Schumer, Apatow on the right track in 'Trainwreck'
Comedian Amy Schumer screened a work-in-progress version of "Trainwreck," which marks her screenwriting debut and first major film role. A sort of role-reversed rom-com, the movie finds Schumer playing a magazine writer repulsed by the idea of monogamy and utterly baffled when she actually meets a nice guy (Bill Hader). Directed by comedy veteran Judd Apatow, "Trainwreck" received an enthusiastic reception, with audience laughter often drowning out the film's dialogue.
Reviews so far have commended Schumer and Apatow. The Hollywood Reporter's John DeFore wrote, "Cutting through many of the easy signifiers found in bad-behavior comedies to get at what it actually feels like to be an intimacy-phobic mess, 'Trainwreck' finds Judd Apatow putting his directing chops in service of Amy Schumer's deeply felt but crackingly funny screenplay."
'Man in the Machine' thinks different about Steve Jobs
Steve Jobs' life has already been the subject of a couple of narrative films and an extensive biography by Walter Isaacson, not to mention Danny Boyle's high-profile biopic due in October. Documentarian Alex Gibney has also gotten in on the act with his new nonfiction film "Steve Jobs: The Man in the Machine," which focuses on some of the more unsavory aspects of the tech innovator's personal history and his temperament.
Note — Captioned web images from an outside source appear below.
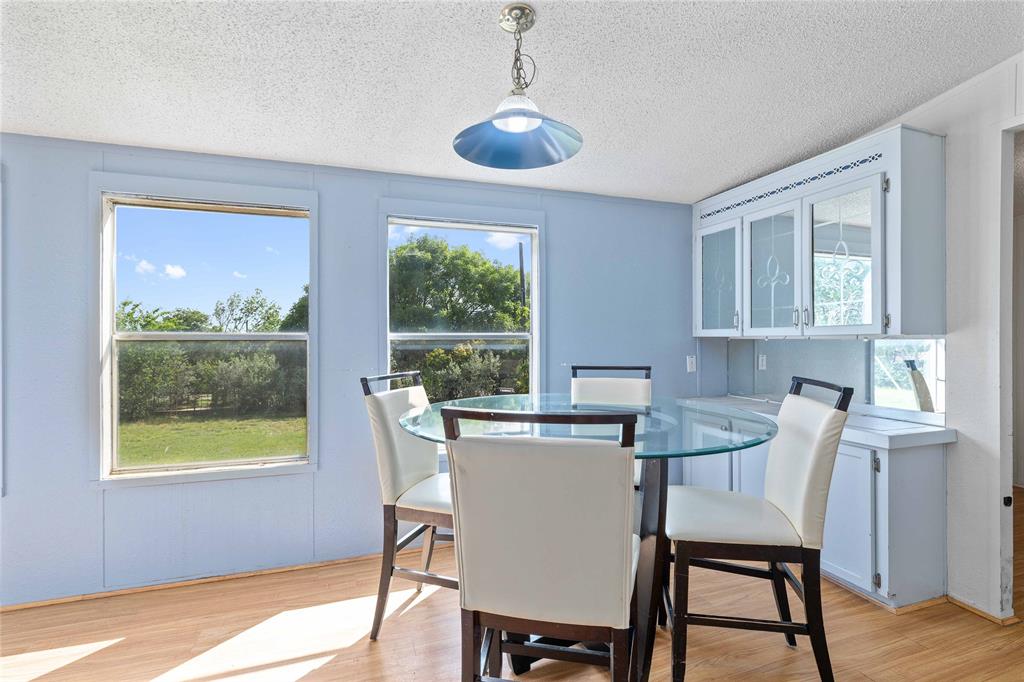 1502 Avenue B Property Photo 9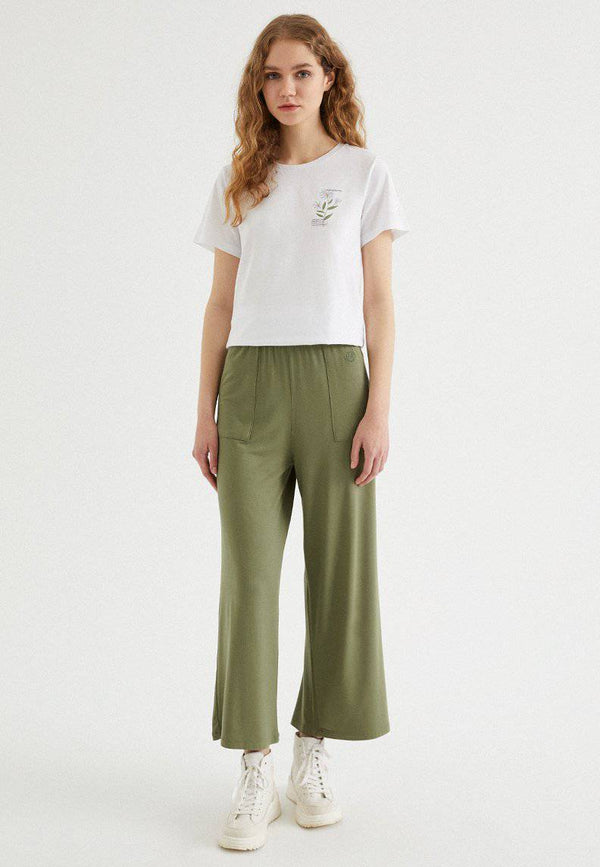 SOFT WIDE LEG JOGGER in Capulet Olive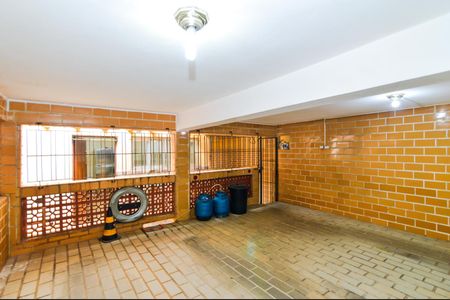 Casa à venda com 190m², 2 quartos e 4 vagasGaragem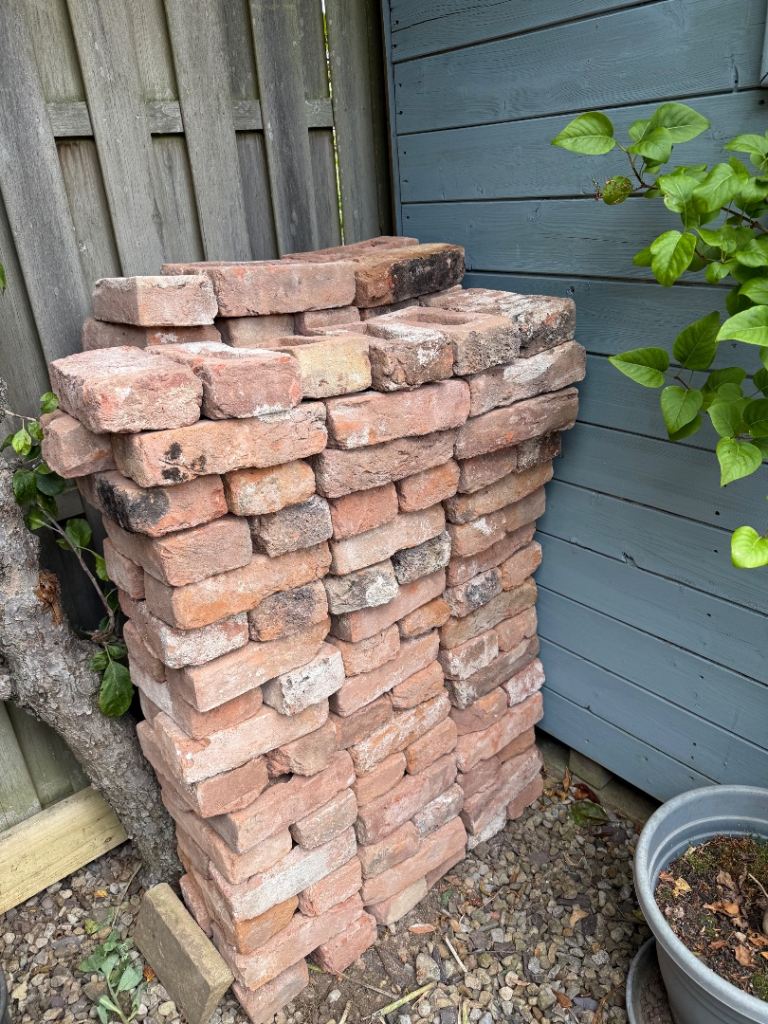 Reclaimed Red Bricks for Garden or Building Project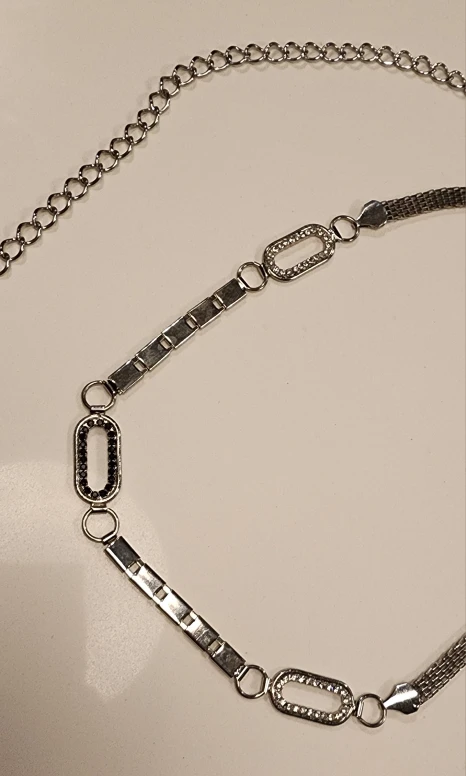 Vintage Silver-Tone Waist Belt – Adjustable & Unique Design - photo 4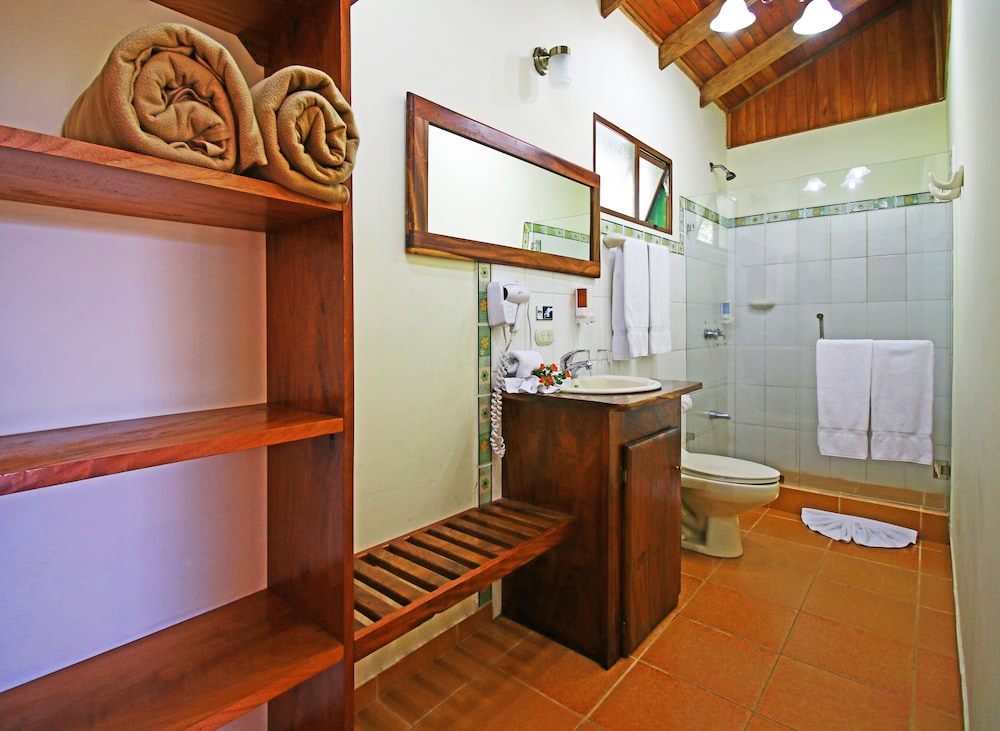 Superior Room, 1 King Bed - Photo 5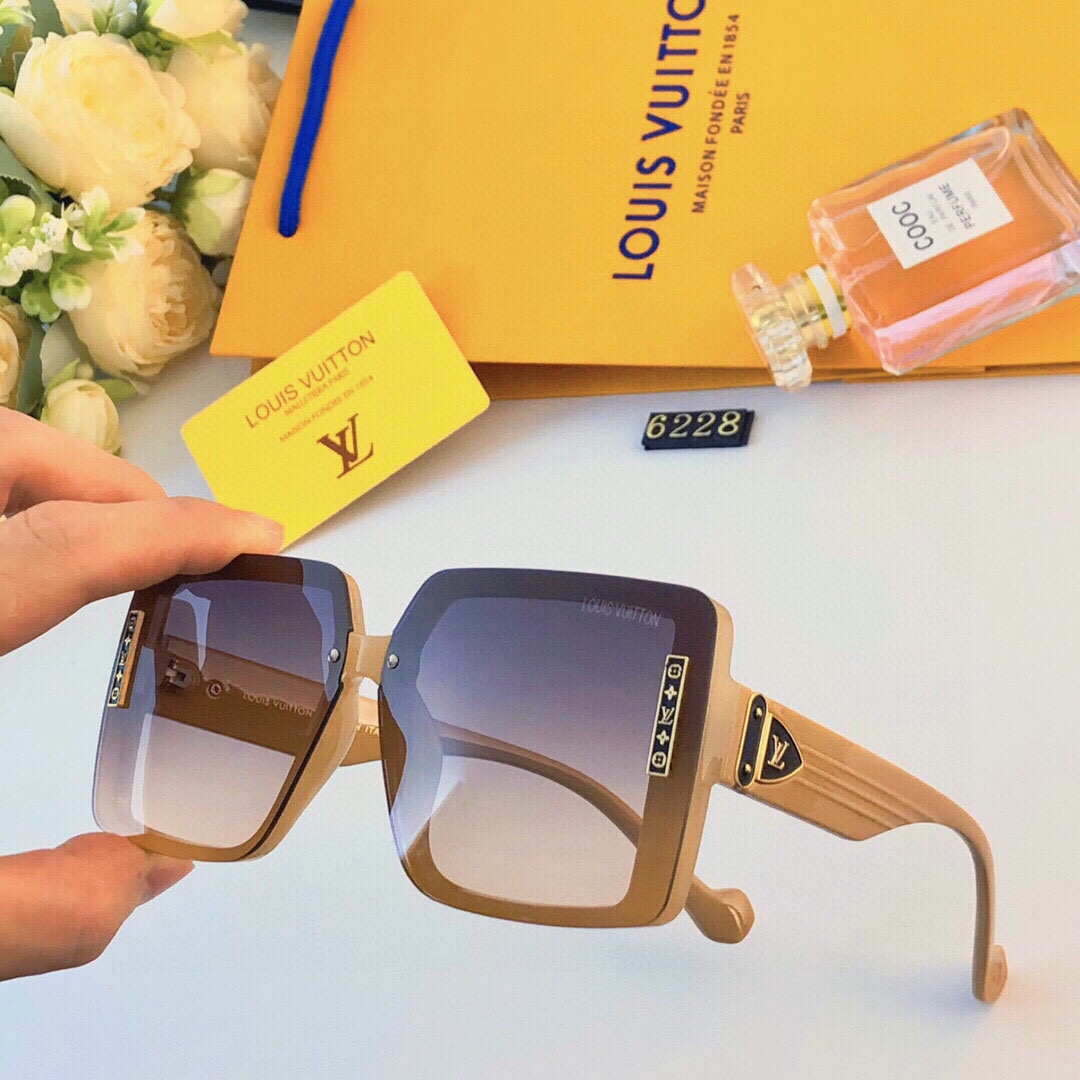 TOP Louis Vuitton LV Sunglasses - 3 Colors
Some early reviewers appreciated the film's critical approach: The Guardian's Alex Needham wrote that Gibney's "unsparing portrait of Steve Jobs will prove extremely displeasing to devotees, but it's a riveting and important corrective to the myths Jobs helped to propagate, and which in the four years since his death have proved as seductive as his machines — and a lot more durable."
'Ex Machina' an A.I. tale with real smarts
From "The Man in the Machine" to the ghost in the machine. Veteran sci-fi screenwriter Alex Garland ("28 Days Later," "Sunshine") screened his directorial debut, "Ex Machina," starring Oscar Isaac, Domhnall Gleeson and Alicia Vikander in a story of obsession, desire and artificial intelligence.
Ahead of the film's debut, senior programmer Jarod Neece said it "might be one of the best films we've ever played at South by Southwest," and for many in attendance it lived up to the hype.
The Times' Mark Olsen called "Ex Machina" a "sci-fi chamber drama that manages to be tactile, cerebral and gripping, crammed with big ideas while also feeling like an engagingly twisting thriller. It is smart cinema, smartly done." He added that "The film played very well to the room Saturday night …. Perhaps because of the concurrent interactive conference occurring at SXSW and the general emphasis on technology at the festival, the film seemed to hit home with this audience in particular."
Mission accomplished for 'Spy'
Following the recent misfires of "Tammy" and "Identity Thief," comic actress Melissa McCarthy has reunited with "Bridesmaids" and "The Heat" director Paul Feig for "Spy," a send-up in which McCarthy plays a deferential CIA desk jockey tapped for some field work.
Judging by early reactions, McCarthy — who's also working with Feig on a female-led "Ghostbusters" reboot — has her mojo back.
Variety's Justin Chang wrote that it's "gratifying to see what [McCarthy] can do with a vehicle that's firing on all cylinders for a change." The result is "an uproarious blast of globe-trotting action-comedy delirium that doesn't spoof the espionage-thriller genre so much as drop a series of banana peels in its path."
Chang also gave writer-director Feig kudos for his "beautifully structured, zinger-stuffed screenplay."